White Dwarf is a small, hot, dim star that is the leftover center of an old star.
•White dwarfs have run out of hydrogen and no longer fuse hydrogen to make helium. They may take billions of years to cool completely, and continue to shine.
•The Hertzprung-Russell diagram, or H-R Diagram, is a graph that shows the relationship between a star’s surface temperature and absolute magnitude.
Supernova is a gigantic explosion in which a massive star collapses and throws its outer layers into space. Supernovas can be brighter than an entire galaxy for several days.
•Neutron Star is a star that has collapsed to the point at which all of its particles are neutrons. If a neutron star is spinning, it is called a pulsar.
•Black Holes If the leftovers of a supernova are more than 3 times the mass of the sun, they may collapse further to form a black hole. A black hole is an object that is so massive and dense that even light cannot escape its gravity.
Section 3 Galaxies
•A galaxy is a collection of stars, dust, and gas held together by gravity.
Types of Galaxies
•Spiral Galaxies have a bulge at the center and spiral arms.

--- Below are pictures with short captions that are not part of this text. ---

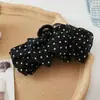 Pinza para el Cabello de Lujo Ligero con Puntos, Pinza de Garra Grande para Mujer, Pasador de Gama Alta para la Parte Trasera de la Cabeza, Moño de Lazo, Elegante Pinza de Tiburón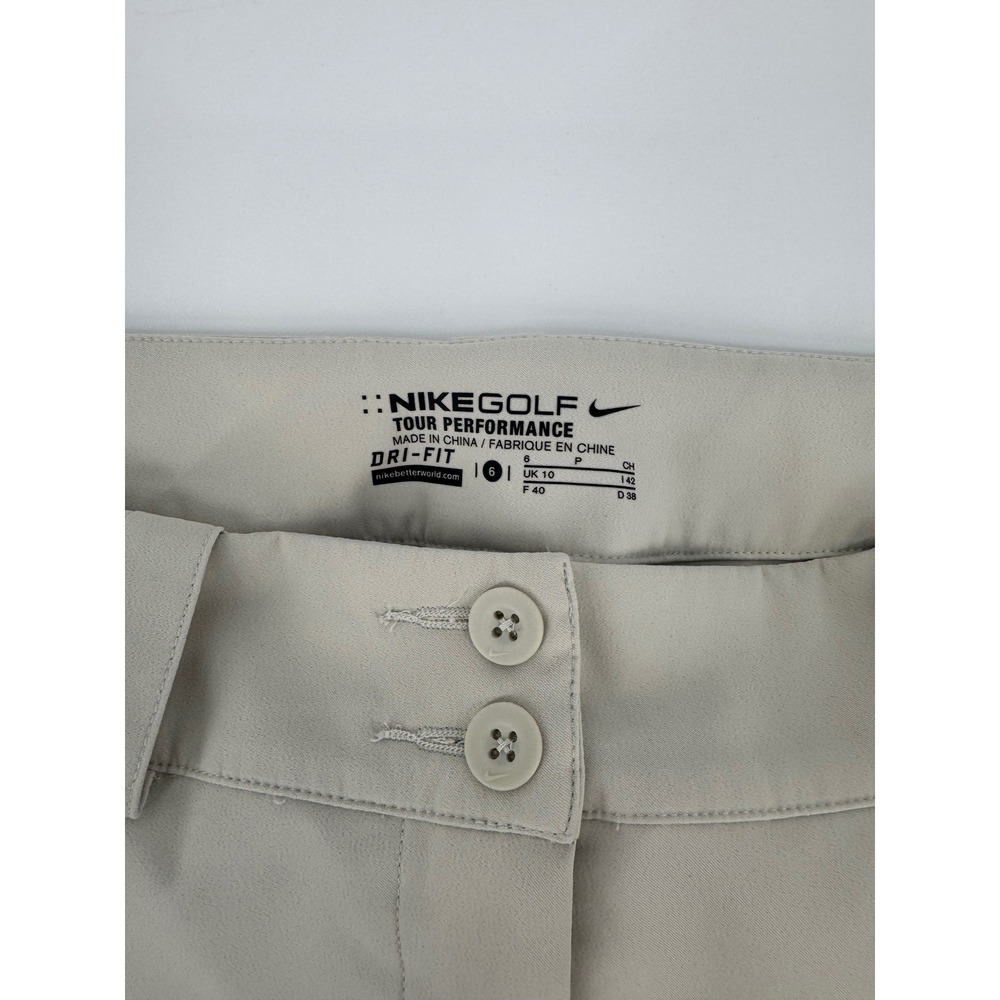 Nike Golf Tour Performance Dri-FIT Skort Tan Beige Women Size 6 Activewear - Picture 4 of 14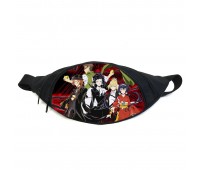 Поясная сумка бананка Бродячие псы Bungou stray dogs (GB BSD 07) Gear Bag черная Поясная сумка бананка Бродячие псы Bungou stray dogs (GB BSD 07) Gear Bag черная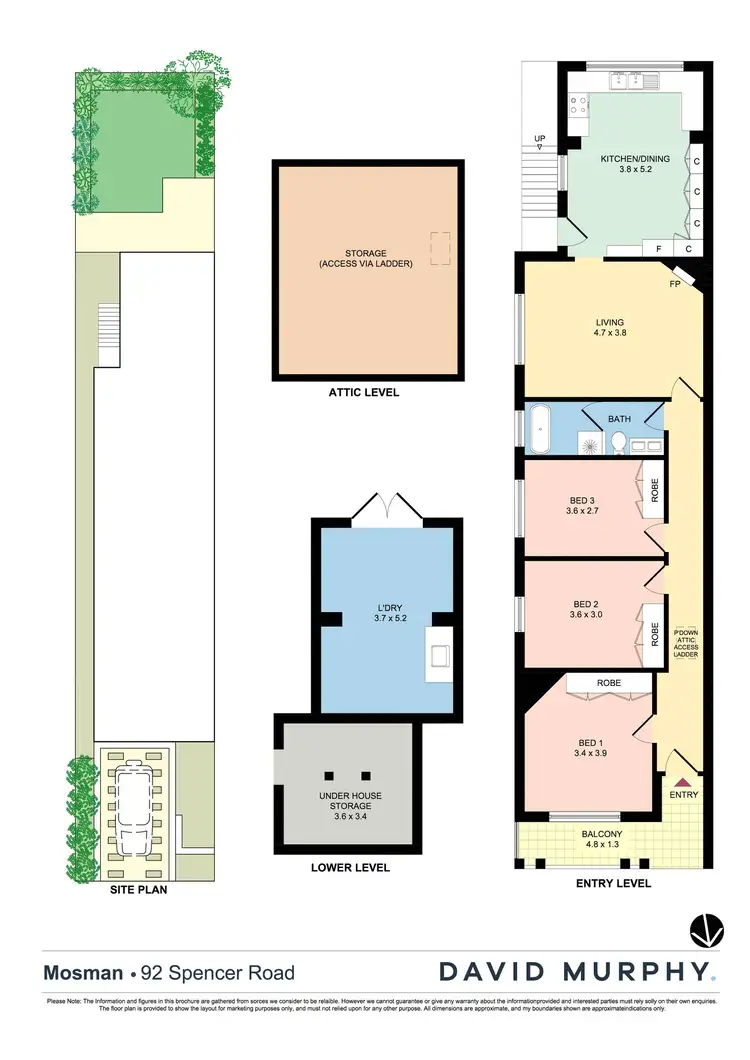 Floorplan of Homely house listing, 92 Spencer Road, Mosman NSW 2088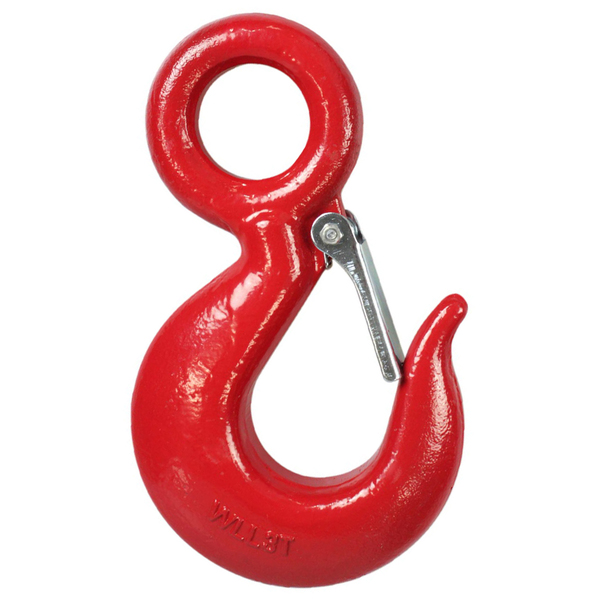 Gancho Olhal com Trava até 2T 230x100mm Aço Carbono Carbografite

•The Milky Way It is difficult to view or own galaxy, the Milky Way. Astronomers think that our solar system is in a spiral galaxy.

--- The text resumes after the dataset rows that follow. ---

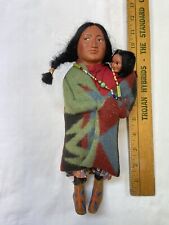 Skookum Doll, mother & Child 1930s great condition 11” H  $95  picture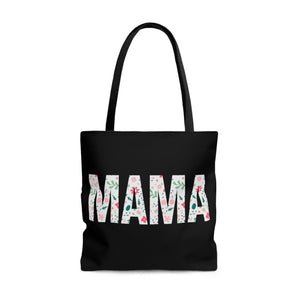 MAMA Floral High Quality Tote Bag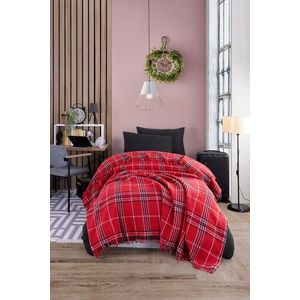 Patura Single, Warm Soft - Red, Eponj Home, 70% bumbac/30% acril imagine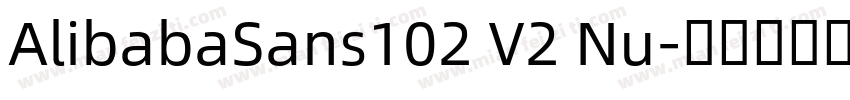 AlibabaSans102 V2 Nu字体转换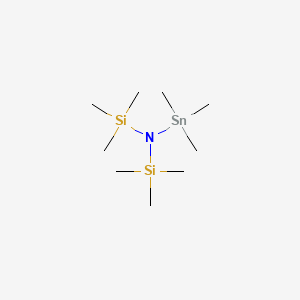 Silanamine, 1,1,1-trimethyl-N-(trimethylsilyl)-N-(trimethylstannyl)-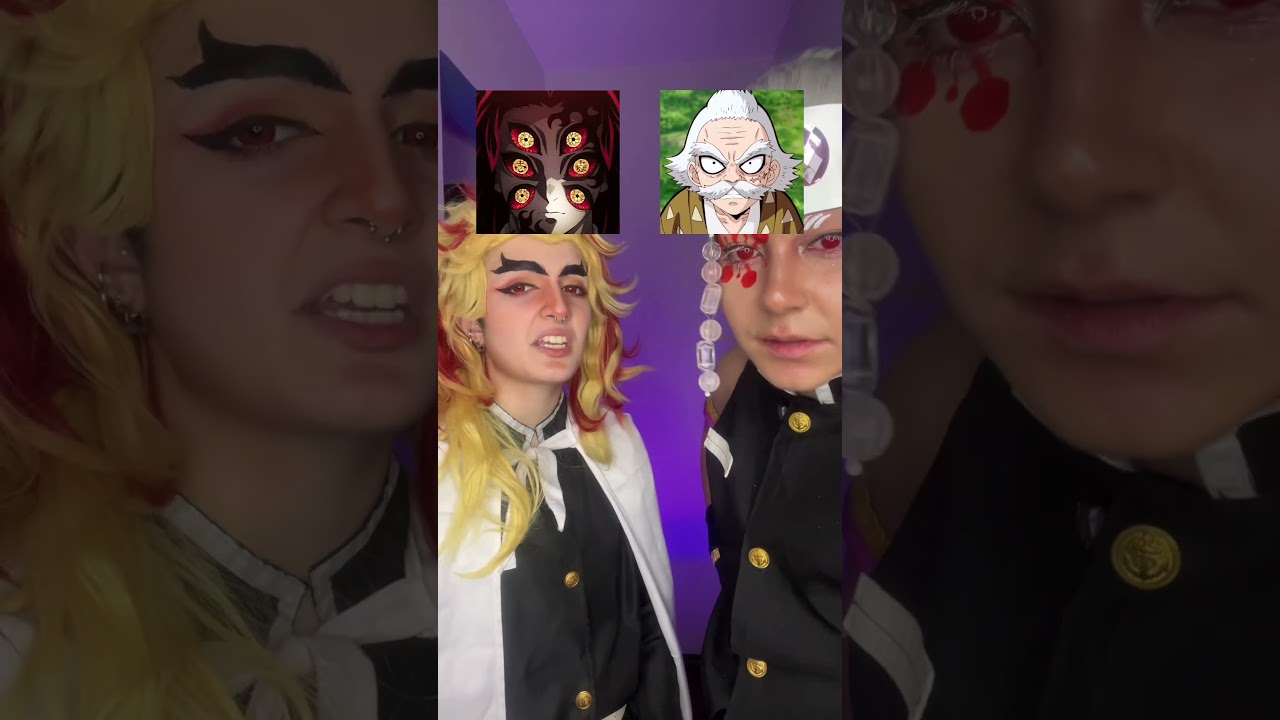 RENGOKU E UZUI COMPETEM NO FILTRO!! #cosplay #kimetsunoyaiba @Nandalorenzine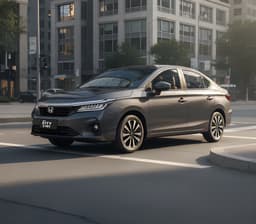 Honda City Hybrid front angle view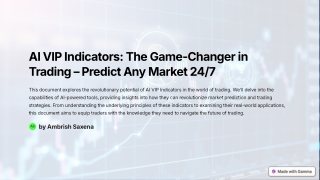 AI VIP Indicators The Game-Changer in Trading - Predict Any Market 24*7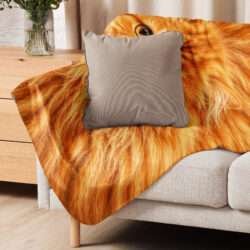 sublimated sherpa blanket tan 50x60 front 6a945fd29cb36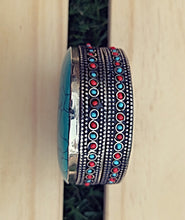 Jewelry box- Turquoise jewelry box- Handicrafts- Ring box- Ring dish-  Jewelry storage- Stone jewelry box- Ethnic jewelry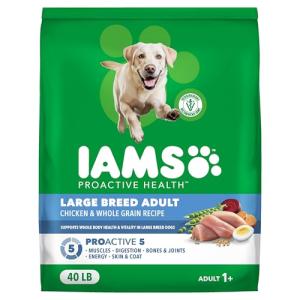 IAMS Large Breed Adult Dry Dog Food, Chicken 40 lb
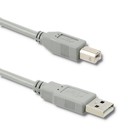Qoltec USB 2.0 cable A male | B male | 0.19m (1)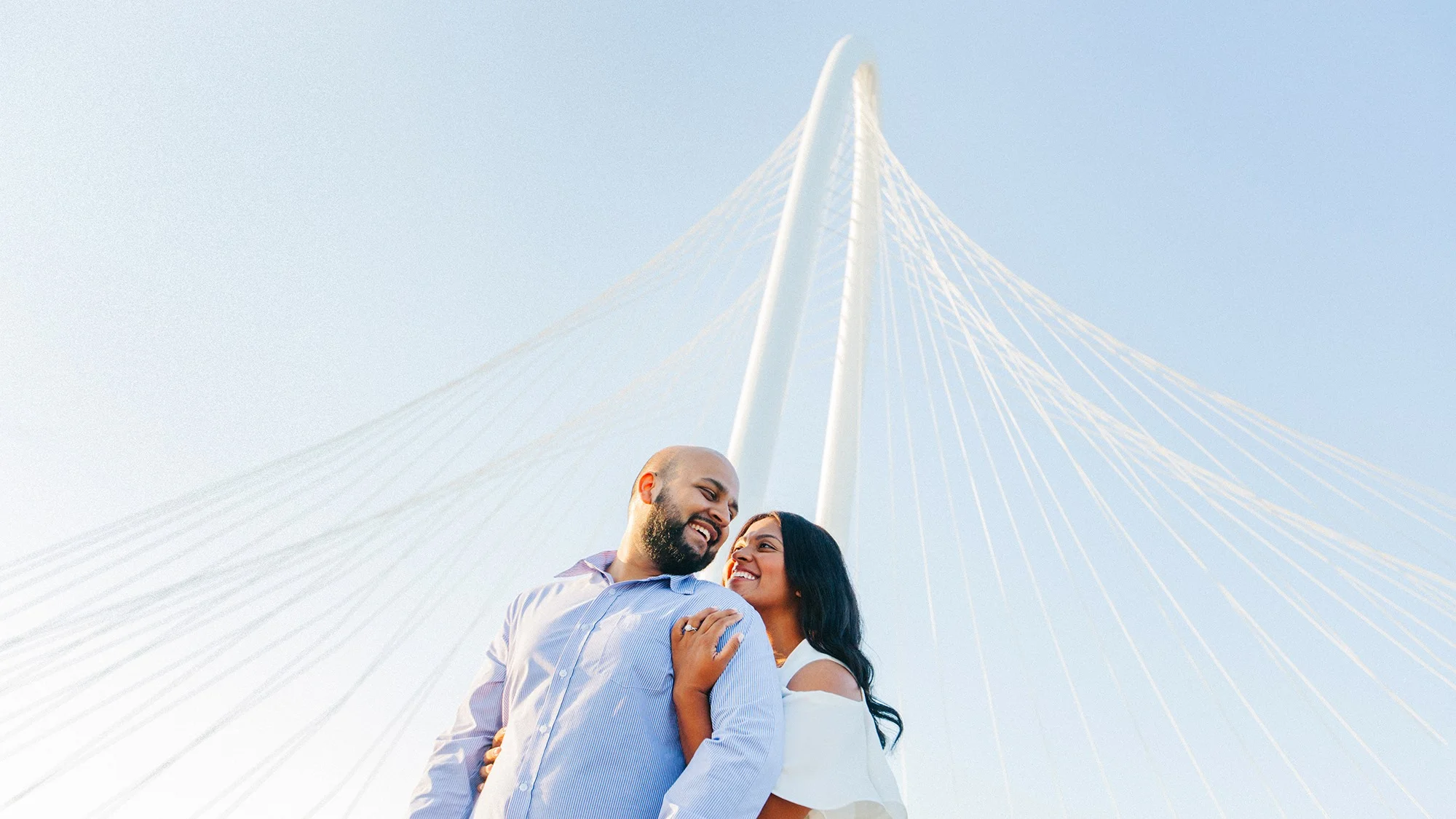 Taken on Continental Avenue Pedestrian Bridge with Margaret Hunt Hill Bridge in the Background.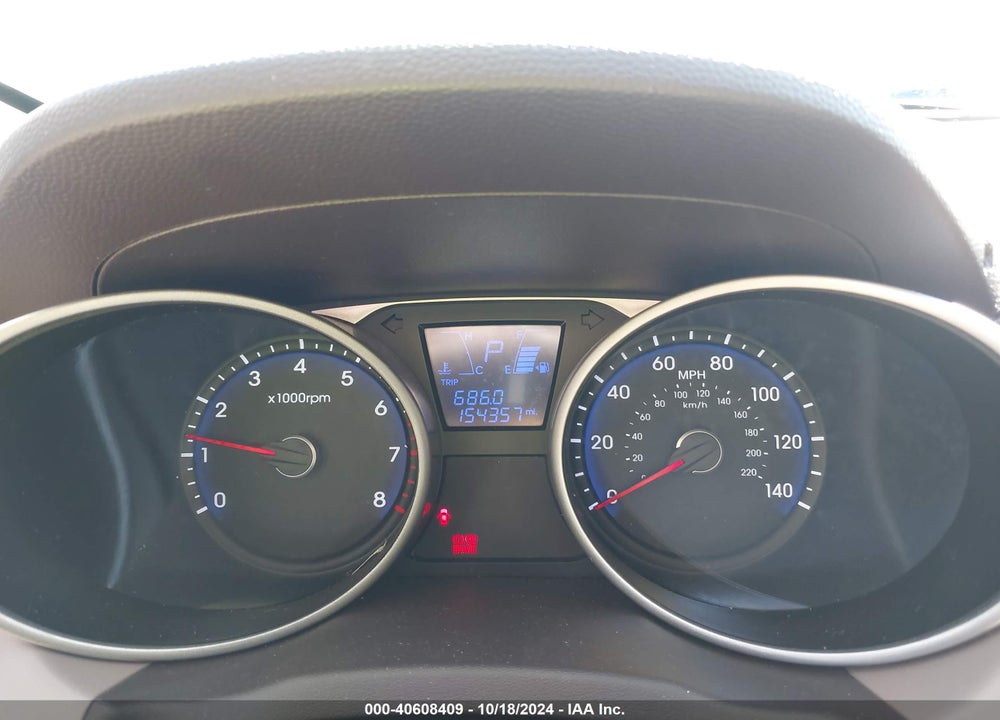 2013 HYUNDAI TUCSON GL VIN: KM8JT3AB0DU739859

•Elliptical Galaxies -About one-third of all galaxies are simply massive blobs of stars. These are called elliptical galaxies. They may be huge or rather small, and contain mostly older stars.
•Irregular Galaxies -Galaxies that do not fit into any other class are called irregular galaxies. As their name suggests, they have an irregular shape.
•A large cloud of gas and dust in interstellar space is called a nebula. New stars are often born within nebulas.
•Globular Cluster is a tight group of stars that looks like a ball and contains up to 1 million stars.
•An Open Cluster is a close grouping of stars usually located along the spiral disk of a galaxy.
A very luminous object that generates energy at a high rate is called a quasar. Quasars are thought to be the most distant objects in the universe, and may be caused by massive black holes.
Section 4 Formation of the Universe
•Cosmology is the study of the origin, structure, and future of the universe.
•Galaxy Movement To understand how the universe formed, scientists study the movement of galaxies.
•The theory that the universe began with a tremendous explosion is called the Big Bang Theory.
•According to the theory, about 14 billion years ago the contents of the universe were compressed into an extremely small volume.
•Suddenly the universe expanded in a rapid explosion, and matter came together to form galaxies.
•Cosmic Repetition - The objects in the universe are not simply scattered in a random pattern. There is a loose structure repeated over and over again.
•Every object in the universe is part of a larger system. Earth is part of a solar system, which is part of the Milky Way, which is part of a cluster of galaxies.
•Scientists believe that planetary systems are common in the universe.
How Old Is the Universe?
•By measuring the distance between Earth and various galaxies, scientists can predict the rate of expansion and calculate the age of the universe.
•The ages of old, nearby stars can also give clues to the age of the universe. The universe must at least be as old as the oldest stars it contains.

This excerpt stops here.